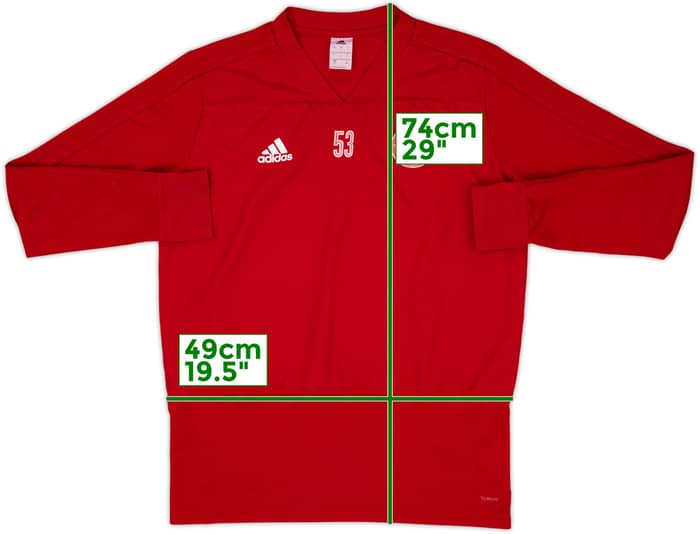 2018-19 Brentford Player Issue adidas Drill Top #53 - 7/10 - (L)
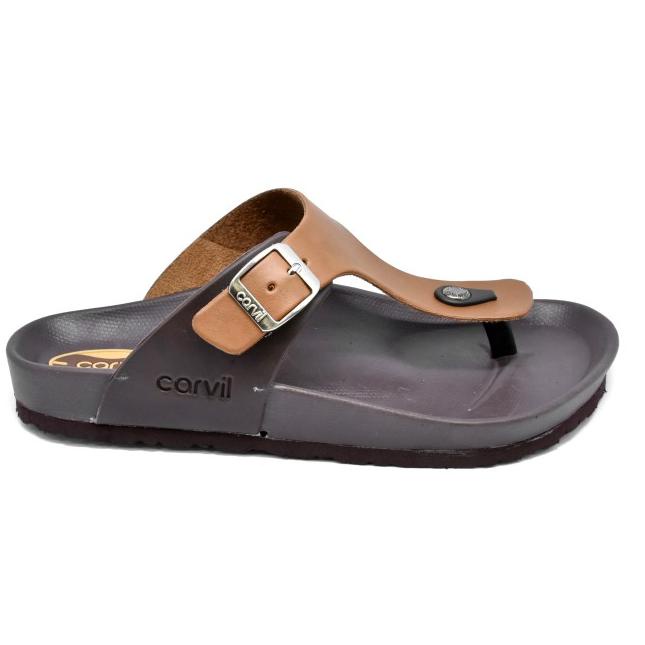 Carvil Sandal Pria BOSTON-01M STONE/BROWN - 41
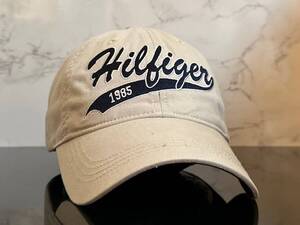 【未使用品】588KD★TOMMY HILFIGERトミー・ヒルフィガ－ キャップ 帽子 CAP お洒落で合わせ易いベージュのコットン素材♪《FREEサイズ》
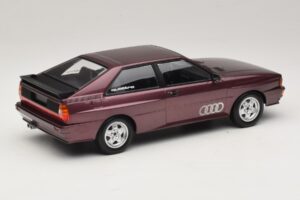 Audi Quattro Purple Metallic Minichamps 1:18 155016125 Diecast - image 2 of 6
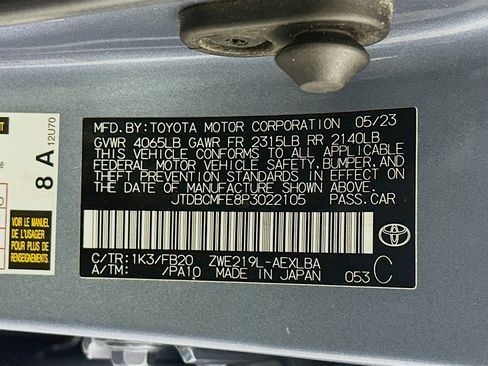 Used 2023 Toyota Corolla LE w/ Carpet Mat Package (TMS) FWD image 12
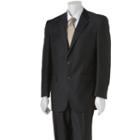 Big & Tall Chaps Shadow Striped Wool Black Suit Jacket, Men's, Size: 44 X-long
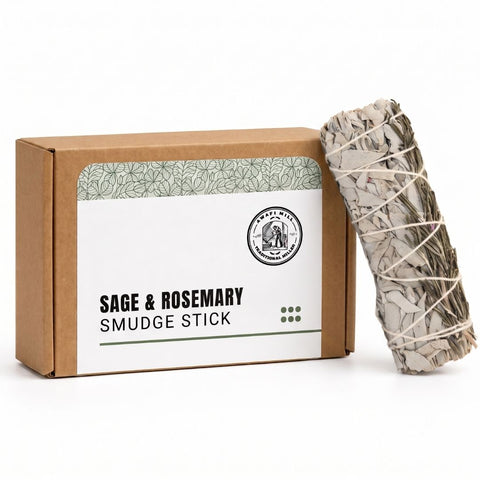 White Sage with Rosemary Smudge Stick | Botanical Bundle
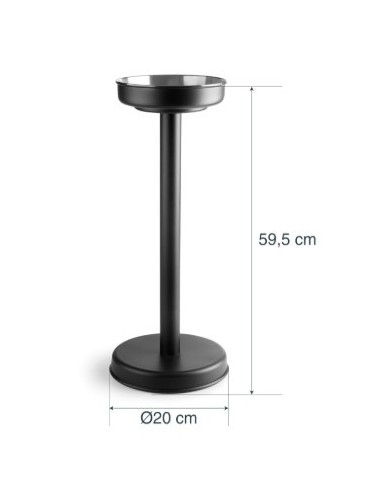 Pie portacubos Black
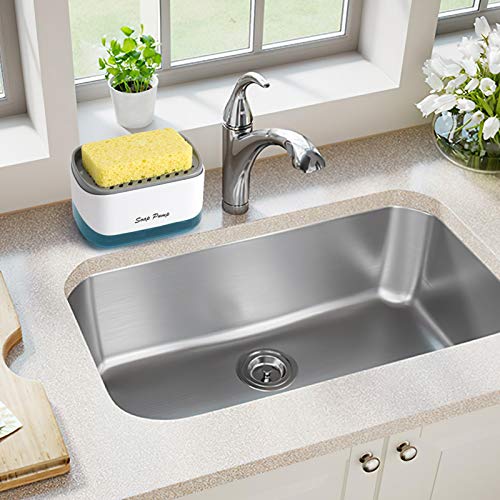 Kitchen Soap Dispenser with Sponge Holder - 12.5 oz Pump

☆ ☆ ☆

● **WHAT THE TASK REQUIRES**
Find the line that contains "Audi Quattro Purple" and repeat it, along with every line after it to the end of the data, exactly; drop the pictures.

● **ANSWER SPACE**
 Audi Quattro Purple Metallic Minichamps 1:18 155016125 Diecast - image 2 of 6
 Used 2023 Toyota Corolla LE w/ Carpet Mat Package (TMS) FWD image 12
 Big & Tall Chaps Shadow Striped Wool Black Suit Jacket, Men's, Size: 44 X-long
 White Sage with Rosemary Smudge Stick | Botanical Bundle
 Pie portacubos Black
 Kitchen Soap Dispenser with Sponge Holder - 12.5 oz Pump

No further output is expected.